Describe the current behavior.

As can be seen in the attached code, this is not the case: the first approach converges much faster, while the second approach tends to oscillate around a the minimum before settling. Furthermore, the first approach does not actually follow the gradient in the complex loss landscape due to the independent momenta for $a$ and $b$.

Describe the expected behavior.

In the expected behavior, both results should converge in the same way and follow the gradient of the loss landscape. If we plot the updates of the variables in the complex plane together with the loss landscape, we get the following figure (generated in the colab document):

The expected behavior is shown by the fix: the optimised variable does not move around the minimum but obeys the symmetry of the loss function.

Contributing.

Do you want to contribute a PR? (yes/no): Yes
Briefly describe your candidate solution(if contributing):

The update function in the tf.keras.optimizers.Adam class currently computes the second moment as tf.square(gradient) * (1 - self.beta_2). For complex values, this should be gradient * tf.math.conj(gradient) * (1 - self.beta_2). This should still work for real valued variables, but I don't know if there are any performance related issues. An alternative would be to output a warning when using the optimiser on complex variables.

Standalone code to reproduce the issue.

import tensorflow as tf

f = lambda z: (z-(1+3j))**2

optimizer1 = tf.keras.optimizers.Adam(learning_rate=0.1)
a = tf.Variable(0.5, dtype=tf.float32)
b = tf.Variable(1.0, dtype=tf.float32)

def loss1():
    z2 = tf.complex(a, b)
    return tf.abs(f(z2))**2

optimizer2 = tf.keras.optimizers.Adam(learning_rate=0.1)
z = tf.Variable(0.5 + 1.0j, dtype=tf.complex64)

def loss2():
    return tf.abs(f(z))**2

for i in range(50):
  optimizer1.minimize(loss1, [a,b])
  optimizer2.minimize(loss2, [z])

print(f"[{a.value()}, {b.value()}], loss: {loss1()}")
# Outputs: [0.015215082094073296, 0.01610667072236538], loss: 0.004847094416618347
print(f"[{tf.math.real(z).numpy()}, {tf.math.imag(z).numpy()}], loss {loss2()}" )
# Outputs: [1.1107741594314575, 0.8542921543121338], loss 9.064789772033691

Colab link: https://colab.research.google.com/drive/1DKsktAM7MOUQhFxbr2kElDtDJE1AunK-?usp=sharing

Source code / logs.

N/A

Answer 1 · 2023-09-06T10:29:23.000Z

@sachinprasadhs,
I was able to reproduce the issue on tensorflow v2.12, v2.13 and tf-nightly. Kindly find the gist of it here.

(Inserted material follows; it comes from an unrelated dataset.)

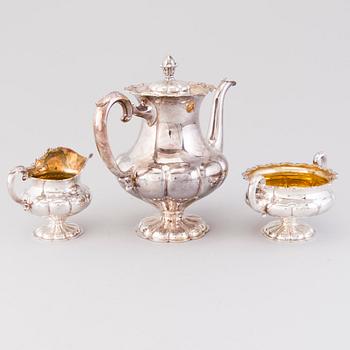 A THREE PIECE COFFEE SET, silver, Auran Kultaseppä Oy, Turku 1959.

Answer 2 · 2023-09-07T17:22:42.000Z

@Hihaatje the framework currently does not support complex variables. It is recommended for users to write their own optimizers for this case.

Answer 3 · 2023-09-07T17:31:11.000Z

@Hihaatje , If you are still interested to contribute, ideal way to handle this case by adding the warning or error message where Tensorflow dtype casting is performed in the code. Thanks!

Answer 4 · 2023-09-15T07:27:20.000Z

Hey @sachinprasadhs, I indeed think it is a good idea to throw this warning, however there is no typecasting performed anywhere here (I believe that when an implicit typecast is done there is already a warning produced). So maybe we can just add a warning whenever the update function is called with a complex datatype?

Answer 5 · 2023-09-19T13:35:31.000Z

@Hihaatje , Sounds good, feel free to file a PR. Thanks

Answer 6 · 2024-01-11T01:49:34.000Z

This issue is stale because it has been open for 14 days with no activity. It will be closed if no further activity occurs. Thank you.

Answer 7 · 2024-01-25T01:50:21.000Z

This issue was closed because it has been inactive for 28 days. Please reopen if you'd like to work on this further.